* Excerpted records *

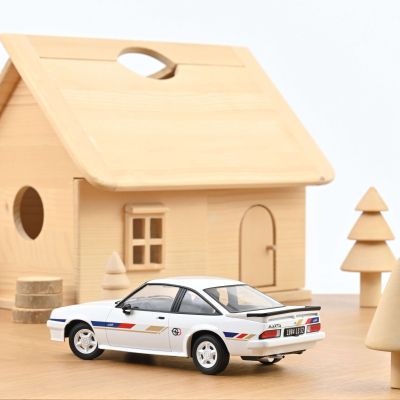 Метална кола Opel Manta Guy Frequelin 1984 Norev 1:18 - 183305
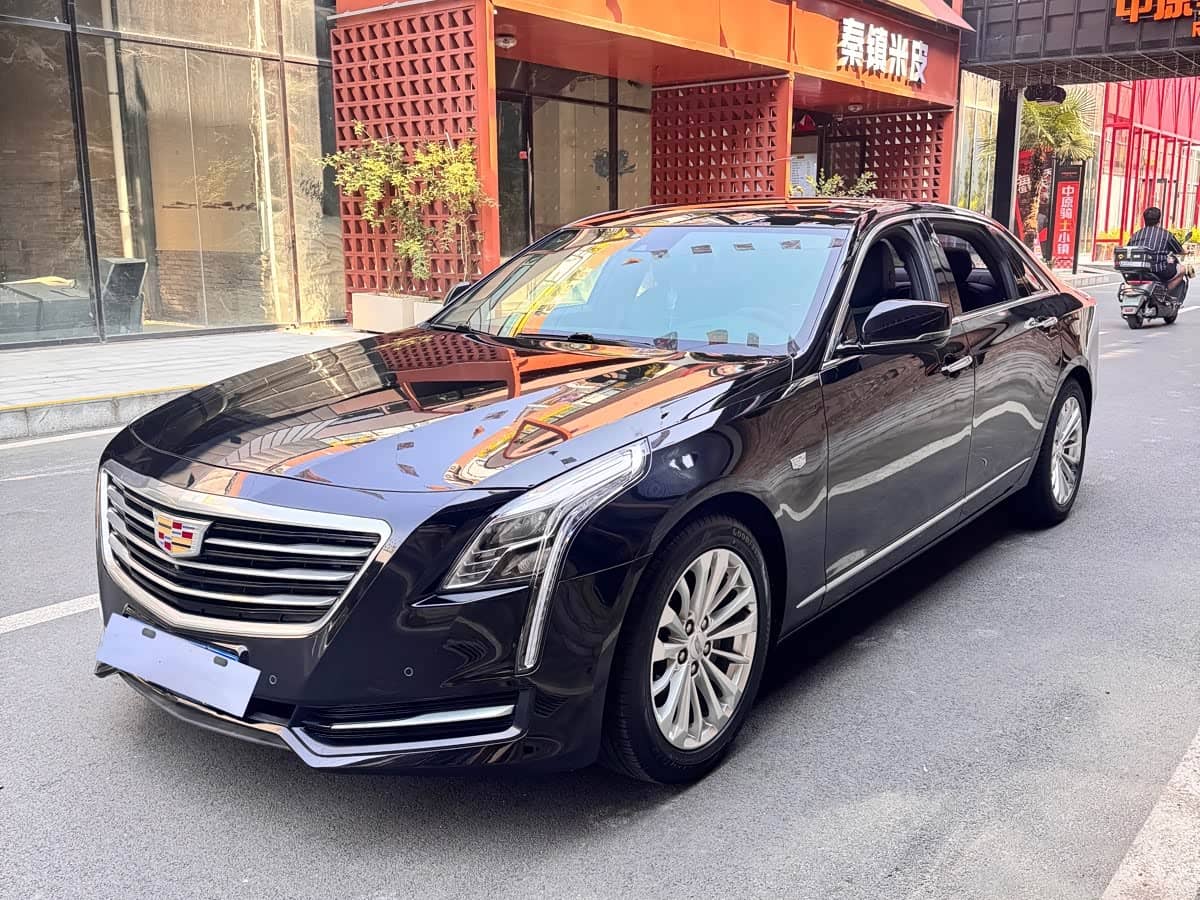 Cadillac CT6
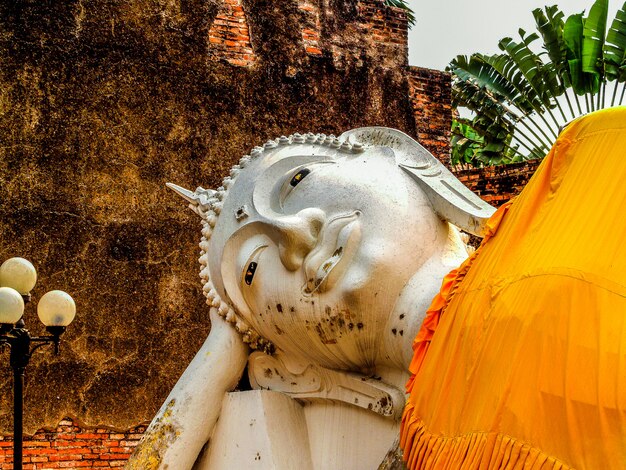 Wat im Geschichtspark Ayutthaya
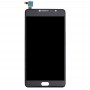 LCD képernyő és digitalizáló Teljes Assembly for Vodafone Smart Ultra 7 / VFD700 (fekete)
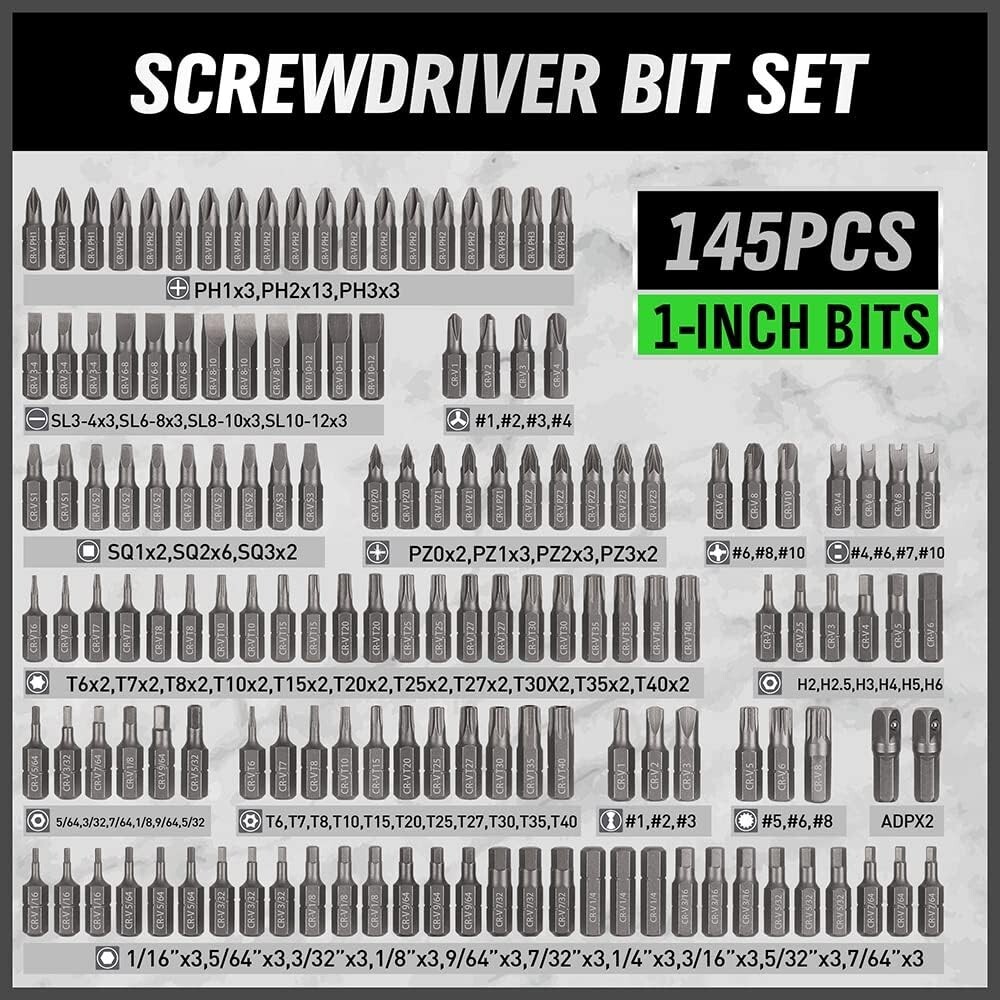Gunsmith Screwdriver Set Wheeler Gunsmithing Firearm Tools Kit 219 Bits Pro NEW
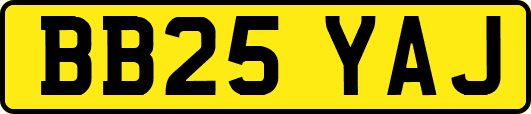 BB25YAJ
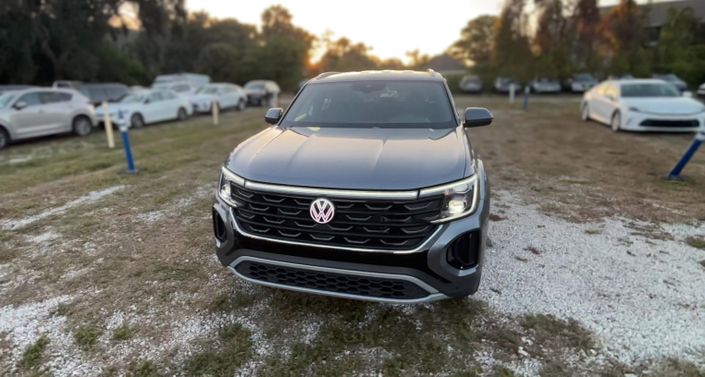 Thumbnail: 2025 Volkswagen Atlas - 1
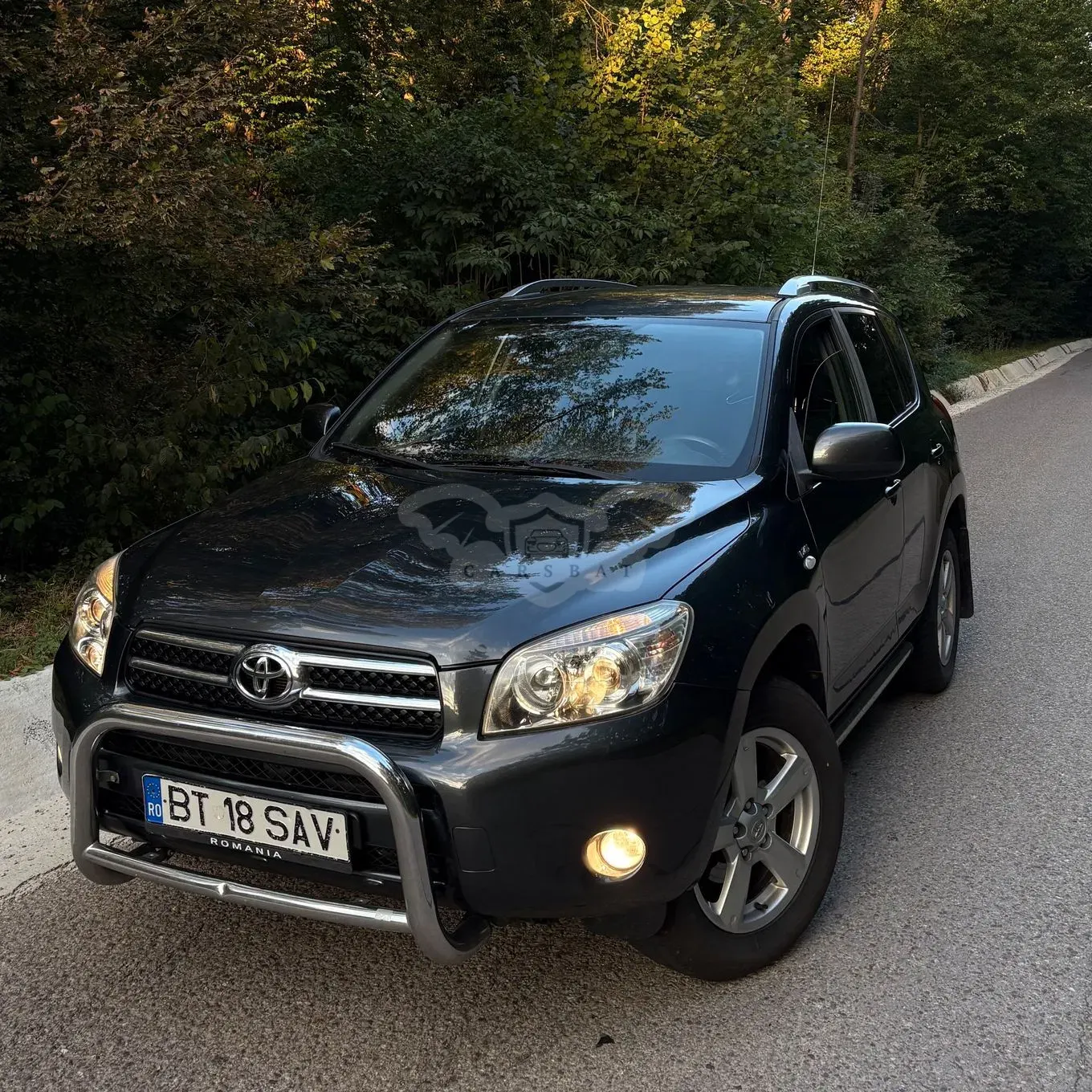 Toyota Rav4 III [2005 - 2013] 2.2 D-4D Executive 2007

* Task to complete *
A word-for-word copy of every entry, with the pictures left out, is the required answer.

* Answer for the task *
 Метална кола Opel Manta Guy Frequelin 1984 Norev 1:18 - 183305
 Cadillac CT6
 Wat im Geschichtspark Ayutthaya
 LCD képernyő és digitalizáló Teljes Assembly for Vodafone Smart Ultra 7 / VFD700 (fekete)
Gunsmith Screwdriver Set Wheeler Gunsmithing Firearm Tools Kit 219 Bits Pro NEW
 BB25YAJ
 Thumbnail: 2025 Volkswagen Atlas - 1
 Toyota Rav4 III [2005 - 2013] 2.2 D-4D Executive 2007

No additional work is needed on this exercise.